[Short text fragments from websites]
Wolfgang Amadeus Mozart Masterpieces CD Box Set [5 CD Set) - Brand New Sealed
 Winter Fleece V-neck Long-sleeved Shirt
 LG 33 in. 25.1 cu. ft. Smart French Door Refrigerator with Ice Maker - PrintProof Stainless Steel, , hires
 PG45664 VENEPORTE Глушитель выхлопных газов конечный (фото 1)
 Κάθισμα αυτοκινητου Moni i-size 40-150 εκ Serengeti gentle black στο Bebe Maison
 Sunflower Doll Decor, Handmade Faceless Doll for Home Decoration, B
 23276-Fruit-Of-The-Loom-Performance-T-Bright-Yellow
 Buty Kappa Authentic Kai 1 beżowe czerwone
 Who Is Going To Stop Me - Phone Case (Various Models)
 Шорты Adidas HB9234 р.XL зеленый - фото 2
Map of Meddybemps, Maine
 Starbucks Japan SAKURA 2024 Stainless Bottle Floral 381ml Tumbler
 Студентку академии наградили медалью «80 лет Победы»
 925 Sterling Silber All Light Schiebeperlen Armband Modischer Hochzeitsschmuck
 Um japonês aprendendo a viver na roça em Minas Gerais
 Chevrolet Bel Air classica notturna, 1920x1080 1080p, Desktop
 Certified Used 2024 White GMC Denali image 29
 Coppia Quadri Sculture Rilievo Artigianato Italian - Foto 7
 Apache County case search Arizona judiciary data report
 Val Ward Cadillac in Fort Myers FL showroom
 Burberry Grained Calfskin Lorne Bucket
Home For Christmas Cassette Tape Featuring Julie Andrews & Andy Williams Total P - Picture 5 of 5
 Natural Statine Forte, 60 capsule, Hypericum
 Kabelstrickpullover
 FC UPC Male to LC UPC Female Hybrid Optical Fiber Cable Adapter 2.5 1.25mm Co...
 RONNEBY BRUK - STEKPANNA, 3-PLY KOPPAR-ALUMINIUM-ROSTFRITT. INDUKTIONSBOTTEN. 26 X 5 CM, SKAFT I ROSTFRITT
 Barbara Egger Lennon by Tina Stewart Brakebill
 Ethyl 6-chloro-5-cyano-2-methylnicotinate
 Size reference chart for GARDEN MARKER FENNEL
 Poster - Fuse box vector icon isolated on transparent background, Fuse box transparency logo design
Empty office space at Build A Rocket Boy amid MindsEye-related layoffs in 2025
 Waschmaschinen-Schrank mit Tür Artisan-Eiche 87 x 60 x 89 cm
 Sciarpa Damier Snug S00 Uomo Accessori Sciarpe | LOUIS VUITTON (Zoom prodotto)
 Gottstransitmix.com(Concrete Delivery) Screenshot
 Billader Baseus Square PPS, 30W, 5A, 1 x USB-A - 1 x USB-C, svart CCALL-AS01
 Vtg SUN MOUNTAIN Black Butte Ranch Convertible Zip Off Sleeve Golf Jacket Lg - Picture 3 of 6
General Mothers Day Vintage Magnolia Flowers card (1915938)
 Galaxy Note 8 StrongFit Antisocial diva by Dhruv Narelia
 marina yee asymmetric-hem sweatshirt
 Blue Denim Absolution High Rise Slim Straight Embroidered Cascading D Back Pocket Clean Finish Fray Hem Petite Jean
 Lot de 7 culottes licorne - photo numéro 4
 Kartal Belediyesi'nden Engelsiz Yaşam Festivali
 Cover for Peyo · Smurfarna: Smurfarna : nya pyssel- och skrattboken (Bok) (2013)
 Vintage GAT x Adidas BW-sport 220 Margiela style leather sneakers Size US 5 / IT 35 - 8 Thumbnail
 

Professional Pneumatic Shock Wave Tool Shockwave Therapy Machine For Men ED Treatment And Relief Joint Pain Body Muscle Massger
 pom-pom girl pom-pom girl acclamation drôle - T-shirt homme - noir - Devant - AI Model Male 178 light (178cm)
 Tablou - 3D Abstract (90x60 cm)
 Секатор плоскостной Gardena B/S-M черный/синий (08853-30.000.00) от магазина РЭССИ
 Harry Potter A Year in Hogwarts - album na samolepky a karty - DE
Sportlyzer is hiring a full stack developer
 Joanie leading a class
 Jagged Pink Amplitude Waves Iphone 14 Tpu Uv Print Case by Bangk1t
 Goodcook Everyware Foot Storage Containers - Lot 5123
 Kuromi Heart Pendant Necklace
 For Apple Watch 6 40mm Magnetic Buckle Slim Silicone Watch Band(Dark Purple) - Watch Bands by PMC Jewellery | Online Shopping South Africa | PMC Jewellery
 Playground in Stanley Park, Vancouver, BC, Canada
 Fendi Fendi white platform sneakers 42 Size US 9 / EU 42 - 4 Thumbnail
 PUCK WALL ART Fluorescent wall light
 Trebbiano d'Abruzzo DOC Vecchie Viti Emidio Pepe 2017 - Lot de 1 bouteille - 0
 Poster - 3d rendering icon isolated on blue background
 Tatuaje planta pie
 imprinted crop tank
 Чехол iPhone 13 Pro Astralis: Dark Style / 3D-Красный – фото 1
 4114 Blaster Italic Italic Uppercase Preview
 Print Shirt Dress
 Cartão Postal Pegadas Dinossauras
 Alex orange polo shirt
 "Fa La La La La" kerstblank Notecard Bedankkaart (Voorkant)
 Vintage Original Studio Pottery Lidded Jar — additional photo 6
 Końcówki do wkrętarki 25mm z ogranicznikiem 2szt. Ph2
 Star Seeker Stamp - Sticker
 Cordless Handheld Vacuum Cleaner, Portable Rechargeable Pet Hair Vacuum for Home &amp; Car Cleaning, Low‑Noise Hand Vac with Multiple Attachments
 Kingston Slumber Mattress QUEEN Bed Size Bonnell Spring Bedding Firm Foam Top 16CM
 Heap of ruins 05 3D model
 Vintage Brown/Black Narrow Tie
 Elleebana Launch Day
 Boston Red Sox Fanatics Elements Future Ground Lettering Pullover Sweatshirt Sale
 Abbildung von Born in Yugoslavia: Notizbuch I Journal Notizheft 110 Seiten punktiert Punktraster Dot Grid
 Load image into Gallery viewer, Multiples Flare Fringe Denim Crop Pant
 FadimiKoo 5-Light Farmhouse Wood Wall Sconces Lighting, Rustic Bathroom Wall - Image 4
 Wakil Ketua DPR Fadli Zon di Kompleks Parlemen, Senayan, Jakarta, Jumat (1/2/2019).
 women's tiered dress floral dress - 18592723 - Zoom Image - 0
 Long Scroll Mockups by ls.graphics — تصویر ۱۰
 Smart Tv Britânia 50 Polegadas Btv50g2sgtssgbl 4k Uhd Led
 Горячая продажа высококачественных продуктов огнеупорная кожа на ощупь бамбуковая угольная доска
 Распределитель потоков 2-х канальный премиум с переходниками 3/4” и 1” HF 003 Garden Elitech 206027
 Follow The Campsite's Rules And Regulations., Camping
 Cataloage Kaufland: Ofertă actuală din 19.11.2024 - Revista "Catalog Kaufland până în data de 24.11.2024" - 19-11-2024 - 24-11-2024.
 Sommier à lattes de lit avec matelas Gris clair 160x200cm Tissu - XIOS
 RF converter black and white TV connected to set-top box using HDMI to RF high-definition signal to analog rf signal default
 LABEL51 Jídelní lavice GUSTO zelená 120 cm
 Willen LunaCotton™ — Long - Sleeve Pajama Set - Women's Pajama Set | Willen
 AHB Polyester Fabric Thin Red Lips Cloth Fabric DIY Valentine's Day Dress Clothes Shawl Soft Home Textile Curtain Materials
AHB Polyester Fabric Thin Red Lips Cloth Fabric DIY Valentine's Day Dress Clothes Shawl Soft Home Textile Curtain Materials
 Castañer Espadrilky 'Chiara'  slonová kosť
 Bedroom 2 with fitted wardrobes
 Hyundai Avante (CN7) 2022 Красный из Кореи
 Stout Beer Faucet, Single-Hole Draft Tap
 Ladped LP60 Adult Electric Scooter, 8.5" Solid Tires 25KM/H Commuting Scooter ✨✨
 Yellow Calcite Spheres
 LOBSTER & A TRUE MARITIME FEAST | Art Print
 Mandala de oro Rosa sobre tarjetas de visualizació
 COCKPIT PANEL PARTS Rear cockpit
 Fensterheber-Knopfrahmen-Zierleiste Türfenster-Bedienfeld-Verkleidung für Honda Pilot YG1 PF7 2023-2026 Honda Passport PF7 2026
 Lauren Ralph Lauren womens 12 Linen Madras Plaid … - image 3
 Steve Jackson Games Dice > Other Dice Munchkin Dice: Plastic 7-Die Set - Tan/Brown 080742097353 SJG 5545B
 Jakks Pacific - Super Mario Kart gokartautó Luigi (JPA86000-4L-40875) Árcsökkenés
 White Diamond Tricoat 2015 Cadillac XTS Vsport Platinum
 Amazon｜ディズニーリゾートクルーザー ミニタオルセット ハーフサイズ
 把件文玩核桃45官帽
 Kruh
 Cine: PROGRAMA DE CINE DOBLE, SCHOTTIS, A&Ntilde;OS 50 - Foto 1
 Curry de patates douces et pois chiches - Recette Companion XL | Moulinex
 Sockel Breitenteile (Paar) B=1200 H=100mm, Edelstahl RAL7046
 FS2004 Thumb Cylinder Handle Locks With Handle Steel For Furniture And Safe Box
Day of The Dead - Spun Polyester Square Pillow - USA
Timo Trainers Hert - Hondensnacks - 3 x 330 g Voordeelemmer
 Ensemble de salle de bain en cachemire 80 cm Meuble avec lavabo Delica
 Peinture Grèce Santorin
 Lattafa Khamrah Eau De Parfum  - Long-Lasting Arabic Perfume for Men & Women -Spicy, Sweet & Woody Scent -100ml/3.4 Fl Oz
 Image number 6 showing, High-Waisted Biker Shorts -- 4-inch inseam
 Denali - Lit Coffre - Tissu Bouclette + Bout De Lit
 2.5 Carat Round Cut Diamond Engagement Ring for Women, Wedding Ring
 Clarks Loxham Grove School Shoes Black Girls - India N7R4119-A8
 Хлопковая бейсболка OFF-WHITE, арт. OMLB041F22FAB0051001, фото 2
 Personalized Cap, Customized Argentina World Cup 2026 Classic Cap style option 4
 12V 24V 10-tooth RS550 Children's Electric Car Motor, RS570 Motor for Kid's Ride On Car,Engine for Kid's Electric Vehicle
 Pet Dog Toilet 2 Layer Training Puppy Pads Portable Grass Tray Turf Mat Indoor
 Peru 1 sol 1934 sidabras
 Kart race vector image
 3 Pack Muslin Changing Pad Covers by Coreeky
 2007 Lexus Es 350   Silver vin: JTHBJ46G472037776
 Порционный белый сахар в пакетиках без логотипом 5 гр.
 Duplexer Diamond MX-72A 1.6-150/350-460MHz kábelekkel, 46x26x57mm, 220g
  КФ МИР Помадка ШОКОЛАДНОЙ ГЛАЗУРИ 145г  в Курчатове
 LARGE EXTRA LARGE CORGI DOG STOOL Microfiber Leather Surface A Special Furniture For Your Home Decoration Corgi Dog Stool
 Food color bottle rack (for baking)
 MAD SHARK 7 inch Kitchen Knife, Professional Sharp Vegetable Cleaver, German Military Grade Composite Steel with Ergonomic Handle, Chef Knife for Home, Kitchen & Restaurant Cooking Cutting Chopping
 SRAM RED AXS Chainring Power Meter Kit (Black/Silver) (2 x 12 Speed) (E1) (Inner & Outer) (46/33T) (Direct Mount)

[Exercise goal]
If a line comes after the one that contains "Home For Christmas", leave it out; return every line of the entries up to that point exactly, starting with the first, with that line included.

[Your response]
Wolfgang Amadeus Mozart Masterpieces CD Box Set [5 CD Set) - Brand New Sealed
 Winter Fleece V-neck Long-sleeved Shirt
 LG 33 in. 25.1 cu. ft. Smart French Door Refrigerator with Ice Maker - PrintProof Stainless Steel, , hires
 PG45664 VENEPORTE Глушитель выхлопных газов конечный (фото 1)
 Κάθισμα αυτοκινητου Moni i-size 40-150 εκ Serengeti gentle black στο Bebe Maison
 Sunflower Doll Decor, Handmade Faceless Doll for Home Decoration, B
 23276-Fruit-Of-The-Loom-Performance-T-Bright-Yellow
 Buty Kappa Authentic Kai 1 beżowe czerwone
 Who Is Going To Stop Me - Phone Case (Various Models)
 Шорты Adidas HB9234 р.XL зеленый - фото 2
Map of Meddybemps, Maine
 Starbucks Japan SAKURA 2024 Stainless Bottle Floral 381ml Tumbler
 Студентку академии наградили медалью «80 лет Победы»
 925 Sterling Silber All Light Schiebeperlen Armband Modischer Hochzeitsschmuck
 Um japonês aprendendo a viver na roça em Minas Gerais
 Chevrolet Bel Air classica notturna, 1920x1080 1080p, Desktop
 Certified Used 2024 White GMC Denali image 29
 Coppia Quadri Sculture Rilievo Artigianato Italian - Foto 7
 Apache County case search Arizona judiciary data report
 Val Ward Cadillac in Fort Myers FL showroom
 Burberry Grained Calfskin Lorne Bucket
Home For Christmas Cassette Tape Featuring Julie Andrews & Andy Williams Total P - Picture 5 of 5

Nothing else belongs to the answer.